Die Argumente der Skeptiker

Von Savigny setzte sich mit den wichtigsten Argumenten der sogenannten Klimaskeptiker auseinander. Die Zahl der Leute, die den menschengemachten Klimawandel bestreiten beibt seit rund zehn Jahren annähernd konstant. In Deutschland sind es laut Umfragen etwa 16 Prozent, in den USA 30 Prozent. Warum so viele Menschen nicht überzeugt werden könnten, konnten Leuschner und von Savigny nicht wirklich erklären. Man könne sich verrennen, andere seien käuflich, mutmaßte Leuschner. Diskussionen im privaten Raum drehten sich häufig im Kreis, berichtete von Savigny. „Klimaskeptiker sollten sich auch mit wissenschaftlich gut verstandenen Zusammenhängen auseinandersetzen.“

Kohlendioxid aus Vulkanen ohne messbaren Einfluss

„Es wird behauptet, dass eine Veränderung der Aktivität der Sonne die Veränderungen herbeiführt“, so von Savigny. Ja, die beeinflusse das Klima wie die mittelalterliche Warmzeit, die bis in 14. Jahrhundert andauerte, und die kleine Eiszeit mit ihrem Höhepunkt ab Ende des 15. Jahrhunderts zeigten. Aber die Sonnenaktivität sei in den letzten 50 Jahren, einer Periode starken Temperaturanstiegs um fast ein Grad, nicht gestiegen.

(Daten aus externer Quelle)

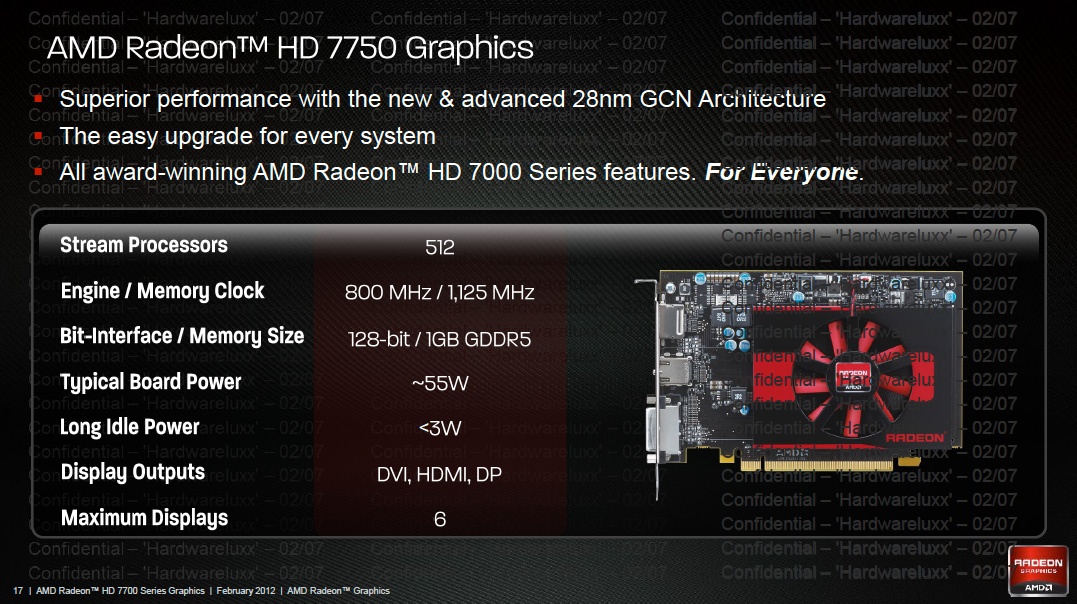 Amd radeon tm graphics характеристики. Видеокарта AMD Radeon 7750 HD характеристики. Hd7750 GPU Z. AMD Radeon HD 7700 Series характеристики. AMD HD 7750 GPU-Z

Ein zweites großes Argument: Klimawandel habe es immer gegeben. Auch das sei richtig, so von Savigny. Aber beim Übergang von der letzten Eiszeit bis zum Holozän, also der jetzigen Erdgeschichtsperiode, sei die Temperatur nur um ein Grad je Jahrtausend gestiegen, auf dem Gebiet Mecklenburg-Vorpommerns waren es 1881 bis 2019 immerhin 1,5 Grad.

Nummer 3: Vulkane trügen mehr zur Kohlendioxidkonzentration in der Atmosphäre bei als die Menschen und deren Tätigkeit. Falsch, so von Savigny. Der menschenverursachte Effekt sei 100 Mal höher. Selbst die stärksten Vulkanausbrüche wie der des Pinatubo hätten zu keinem messbaren Anstieg der Kohlendioxidkonzentration geführt.